Based on these findings and the described signalling mechanism of TAK1 with its downstream targets we suggest that TAK1 downregulation can be also implicated in HNSCC genesis and clinical development. We have found not just that the patients studied showed a relationship between reduced TAK1 tumor mRNA expression and poor clinical prognosis, but also that a predictive cutoff value can be set. Therefore TAK1 mRNA expression could be used as a prognosis predictive marker in HNSCC patients. In our study a relative expression ratio value lower than 0.5 would distinguish patients with poor response and clinical prognosis.

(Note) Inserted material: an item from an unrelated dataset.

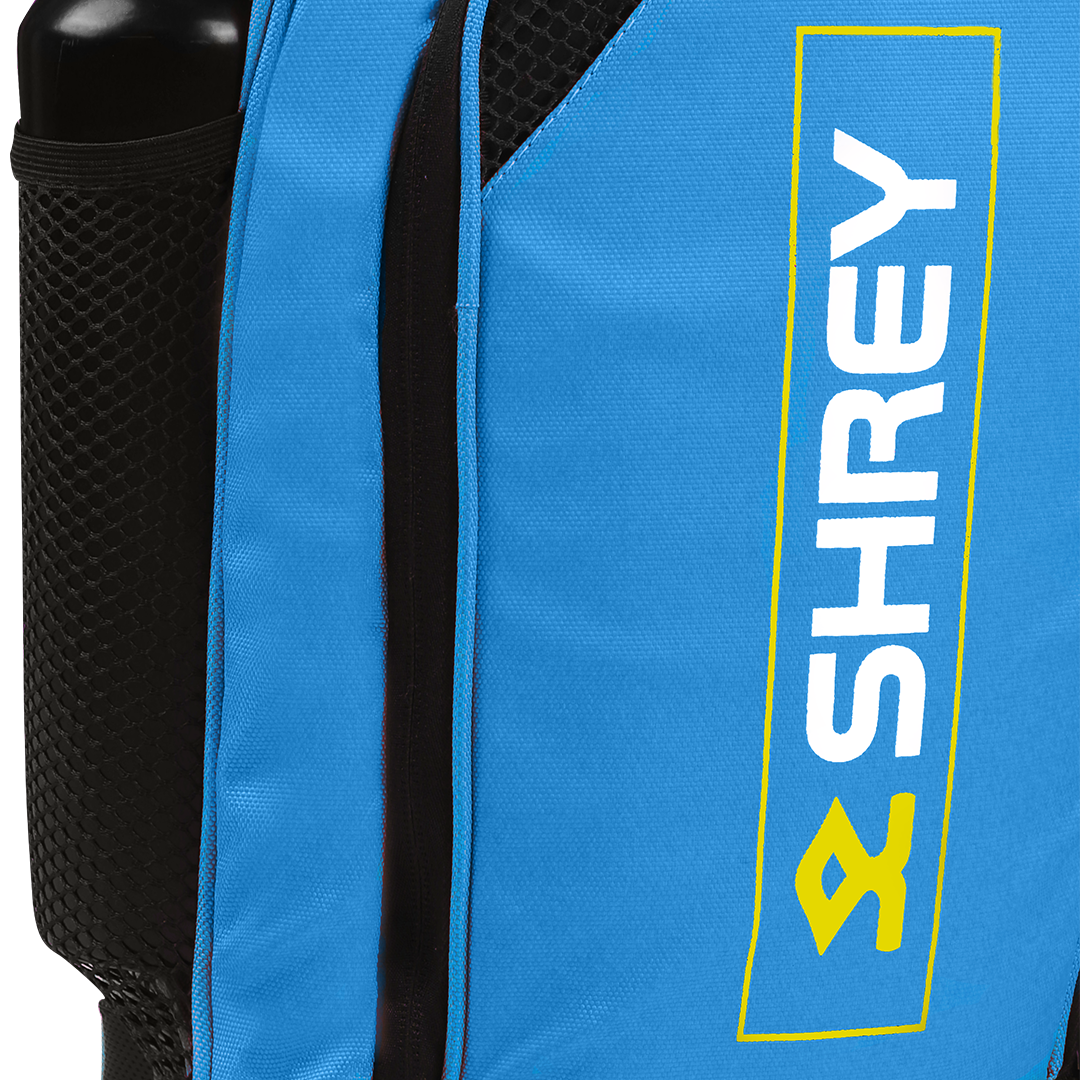 Shrey Hockey | Shrey Hockey Urban 45 Stick Bag | Urban 45 Stick Bag - Black | Total Hockey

The application of RT-PCR to the clinical environment can provide an accurate and fast tool to evaluate certain markers’ levels, being one of them the TAK1 mRNA tumor levels in HNSCC as the present works establishes. Messenger RNA levels may not provide information about the protein activity, but it does provide information about the tumor cell status. An extremely valuable information as the average survival rate of advanced Head and Neck patients has hardly been increased in the past ten years despite the improvements in treatment schedules (Hernández, 2000).

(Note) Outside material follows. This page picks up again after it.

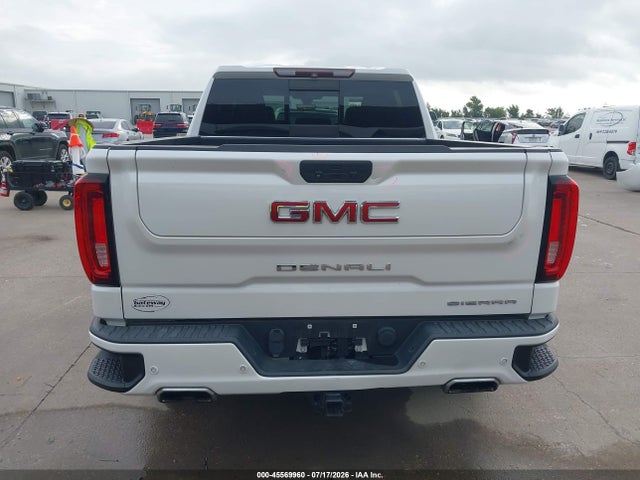Продаж на аукціоні авто 2019 Gmc Sierra 1500 Denali, vin: 3GTP8FED6KG263386, номер лоту: 45569960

This study, therefore, encourages further investigation in the mechanisms that regulate TAK1 in the particular case of HNSCC. Once established that deregulation of the TGF-β signalling pathway is implicated in head and neck tumorogenesis (Prime et al. 2004; Derynck et al. 2001; Paterson et al. 2001; Rosenthal et al. 2004; Wang et al. 1997; Garrigue-Antar et al. 1995; Lu et al. 2004; Muro-Cacho et al. 1999; Pasche, 2001), the particular mechanisms which TAK1 employs to modulate the tumor cell behaviour in the HNSCC case have to be uncovered. Our results suggest that Head and Neck tumor cells may overcome the pro-apoptotic effects of TGF-β signalling pathways through a downregulation of TAK1 activity, and that one mechanism of downregulation of this activity can be the inhibition of TAK1 mRNA synthesis as we have found its levels decreased.